Alastair Reynolds’ Revelation Space Trilogy is hard science fiction that deals to some degree with AIs and the “artificialization” of human beings.
Most books are simply incredibly naive when it comes to AI - but you already know that.
I’d like to mention Exegesis by Astro Teller.
It’s about a program (EDGAR; Eager Data Gathering And Retrieval) that is supposed to skim the internet for info. Every once in a while, it sends an email to it’s creator, Alice. For a very long time, all it’s input resembles something like “the middle east is located at www.uruk.gov” however, one day she receives an email that simply reads “Hello, Alice”.
The book is written as a series of emails from Edgar to Alice and back. Its speech is stilted at first, and realistically improves. As Edgar starts out as a text interpretation tool, it’s mystified by images, and only has a very limited understanding of the real world. The characters also discuss if Edgar is in fact an intelligent being, or a program really good at simulating. The moral and philosophical consequences are similarly adressed.

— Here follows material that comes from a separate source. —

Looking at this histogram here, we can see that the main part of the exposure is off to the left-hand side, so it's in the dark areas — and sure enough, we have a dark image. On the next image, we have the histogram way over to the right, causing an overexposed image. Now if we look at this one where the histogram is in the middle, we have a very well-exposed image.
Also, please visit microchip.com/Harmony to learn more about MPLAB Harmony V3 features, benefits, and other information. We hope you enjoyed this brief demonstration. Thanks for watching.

I think it’s a very, very good book.
Missed the edit window:
I forgot to add Rudy Rucker’s Ware Tetralogy - not every books is worth a read but they are definitely not naive in their presentation of AI.
Oh yes, Exegesis is a good one, MostlyClueless.

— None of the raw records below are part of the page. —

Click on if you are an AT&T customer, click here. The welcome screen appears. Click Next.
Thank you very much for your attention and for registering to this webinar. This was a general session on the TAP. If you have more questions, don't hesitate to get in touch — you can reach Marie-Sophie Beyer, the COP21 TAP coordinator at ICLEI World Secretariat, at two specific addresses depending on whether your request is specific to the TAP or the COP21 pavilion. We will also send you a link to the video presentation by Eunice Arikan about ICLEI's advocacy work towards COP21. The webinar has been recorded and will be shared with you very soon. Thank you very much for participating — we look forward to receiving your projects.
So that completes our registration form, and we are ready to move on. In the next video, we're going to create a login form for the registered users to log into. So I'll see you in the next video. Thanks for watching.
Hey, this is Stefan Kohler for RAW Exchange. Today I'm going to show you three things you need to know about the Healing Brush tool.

This doesn’t sound like a likely scenario. Long before we are emulating a human brain, we will be simulating its various functions. We already do that, and there are cases where a computer ‘out thinks’ humans now. The leap into real AI will come when computers can self improve themselves continuously. Even at that stage, they are unlikely to function the way that human brains do, and that first human simulation will be created by computers. Even though I think we will one day be able to emulate a human brain, I would bet on AI reaching the equivalent of human brain function using techniques less susceptible to schizophrenia.
The robot concept makes for good stories, but seems unnecessary. AI doesn’t need a body hands and feet, and robots don’t need to be controlled by their own brain. All of the AI systems may become one large brain anyway, and eschew human concepts of individuality.
Asimov’s stories looked at the three laws a lot, but they also were about the integration of robots into human society. 2, 3, 4, and 5 from your example were integral to many of the stories.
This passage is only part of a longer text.